APRA is seeking to impose additional licence conditions on IOOF and ban a number of senior executives and directors from acting as superannuation trustees.
Documents filed in the Federal Court of Australia on 6 December 2018 reveal that the Australian Prudential Regulation Authority (“APRA”) is seeking disqualification of five responsible persons of the trustee of IOOF Investment Management Limited (“IIML”). IIML is IOOF Ltd’s (“IOOF”) superannuation arm. IOOF’s share price was down some 35.4% to $4.62 at 2:25 AEDT on 7 December, its lowest value in nine years.
The disqualification proceedings list IOOF Managing Director Chris Kelaher, Chairperson George Venardos, Chief Financial Officer David Coulter, General Manager (Legal, Risk and Compliance) and Company Secretary Paul Vine, and General Counsel Gary Riordan. Additionally, APRA is seeking declarations that Questor Financial Services Limited (“Questor”) (IOOF’s investment manager) and IIML breached the Superannuation Industry (Supervision) Act 1993 (Cth) (“SIS Act”). The breach relates to section 52 of the SIS Act, which requires the trustee of a superannuation fund to act in the best interests of the fund’s beneficiaries. If the disqualification proceedings are successful, the five individuals will be banned from acting as responsible persons of the trustee of a superannuation entity.
The proposed RSE licence conditions would require significant change to the management of conflicts of interest by IIML, Australian Executor Trustees Limited (“AET”) and IOOF. APRA is concerned about those entities’ organisational structures, governance, and conflicts management frameworks.
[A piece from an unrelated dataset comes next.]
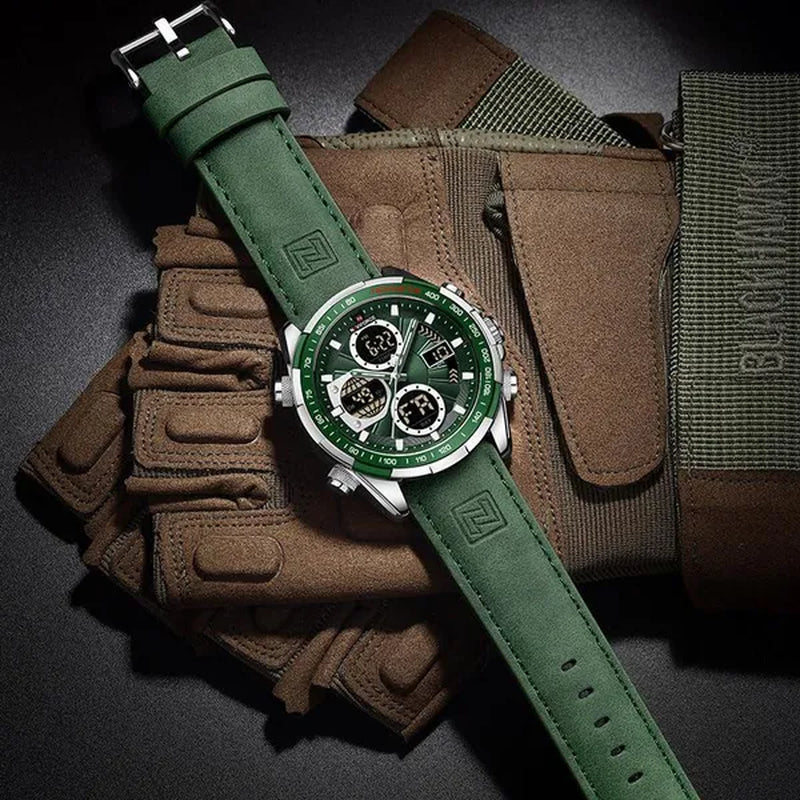 Fashion Military Watches for Men Luxury Original Sports Chronograph Watch Waterproof Quartz Clock Digital WristWatch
APRA’s Concise Statement alleges that IIML, Questor and the responsible persons identified above did not appropriately acknowledge and address issues relating to conflicts of interest that were first raised by APRA in 2015. They include allegations that in response to losses caused to beneficiaries by IIML, Questor or their service providers, IIML and Questor compensated beneficiaries from their own superannuation reserve funds, rather than the trustees’ own funds or third-party compensation.